Почти все они любят вздыхать, целоваться, у всех потные руки без костей и фальшивые глаза. В то же время это практичные люди, они весьма ловко устраивают свои земные дела.
Л.Н., конечно, хорошо понимал истинную цену толстовцев, понимал это и Сулержицкий, которого он нежно любил и о ком говорил всегда с юношеским жаром, с восхищением. Как-то в Ясной некто красноречиво рассказывал о том, как ему хорошо жить и как стала чиста душа его, прияв учение Толстого. Л.Н. наклонился ко мне и сказал тихонько:
– Все врет, шельмец, но это он для того, чтобы сделать мне приятное…

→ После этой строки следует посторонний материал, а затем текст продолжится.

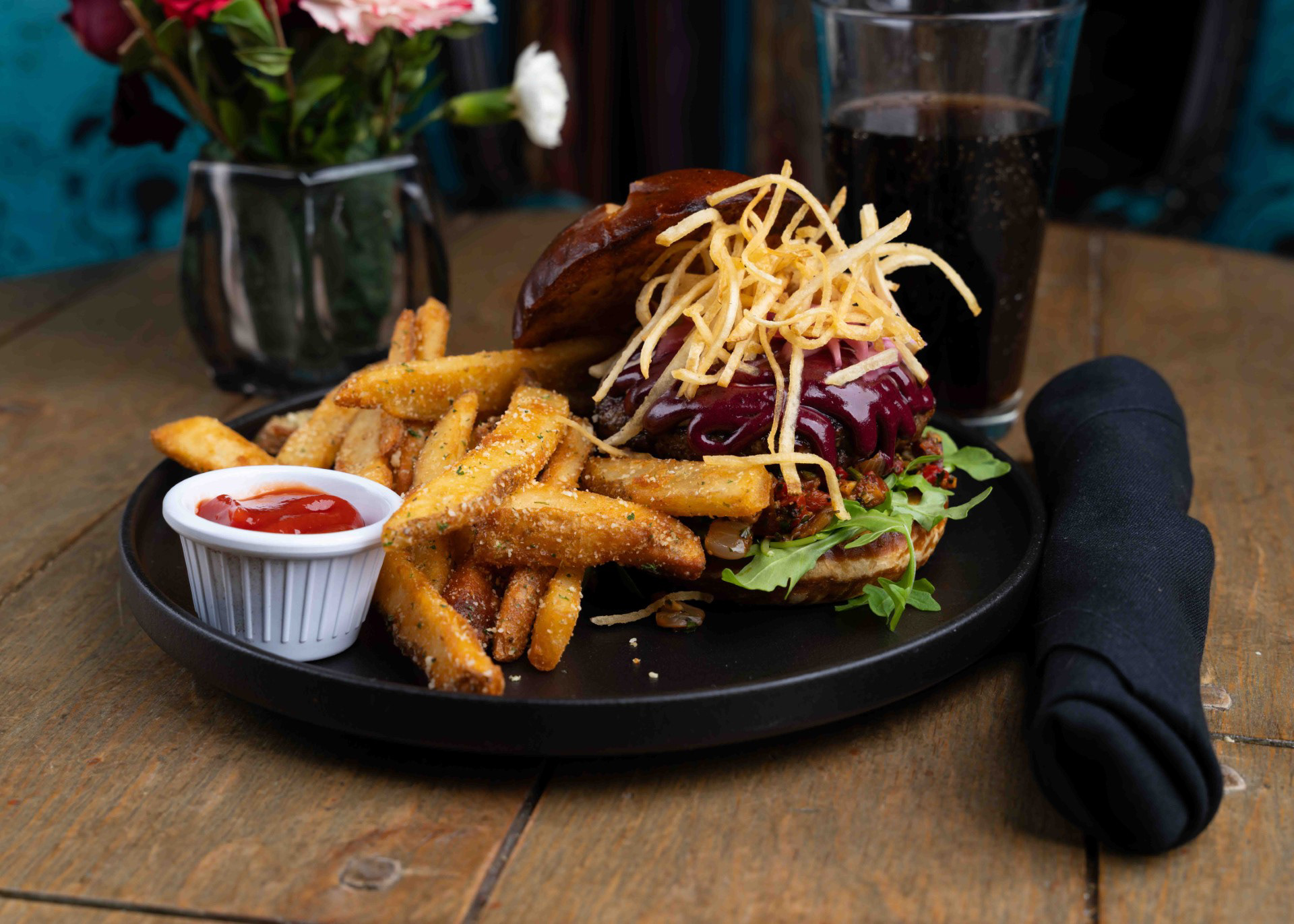 Black Tie Burger - Crawford's Bar & Grill - Brisket and petite tender grind sits atop arugula and warm bacon relish, finished with whipped Brie, pickled onion, Bumberry BBQ, and a crisp potato stack on a Dijonaisse-toasted pretzel bun.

Многие старались делать ему приятное, но я не наблюдал, чтоб это делали хорошо и умело. Он почти никогда не говорил со мною на обычные свои темы – о всепрощении, любви к ближнему, о Евангелии и буддизме, очевидно, сразу поняв, что все это было бы «не в коня корм». Я глубоко ценил это.
Когда он хотел, то становился как-то особенно красиво деликатен, чуток и мягок, речь его была обаятельно проста, изящна, а иногда слушать его было тяжко и неприятно. Мне всегда не нравились его суждения о женщинах – в этом он был чрезмерно «простонароден», и что-то деланное звучало в его словах, что-то неискреннее, а в то же время – очень личное. Словно его однажды оскорбили и он не может ни забыть, ни простить. В вечер первого моего знакомства с ним он увел меня к себе в кабинет – это было в Хамовниках, – усадил против себя и стал говорить о «Вареньке Олесовой», о «Двадцать шесть и одна». Я был подавлен его тоном, даже растерялся – так обнаженно и резко говорил он, доказывая, что здоровой девушке не свойственна стыдливость.

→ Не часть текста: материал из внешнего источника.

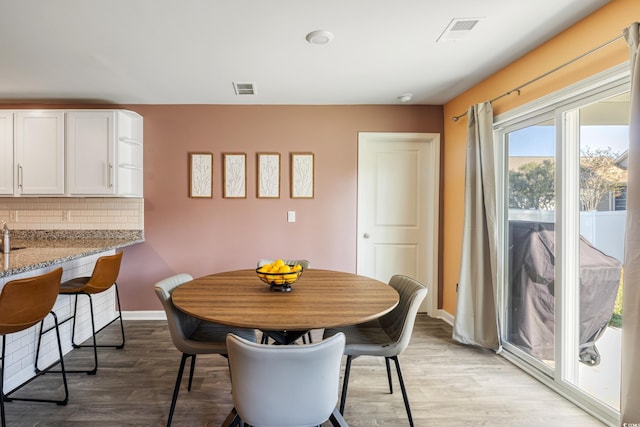 dining space with light hardwood / wood-style floors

– Если девице минуло пятнадцать лет и она здорова, ей хочется, чтобы ее обнимали, щупали. Разум ее боится еще неизвестного, непонятного ему – это и называют: целомудрие, стыдливость. Но плоть ее уже знает, что непонятное – неизбежно, законно и требует исполнения закона, вопреки разуму. У вас же эта Варенька Олесова написана здоровой, а чувствует худосочно, – это неправда!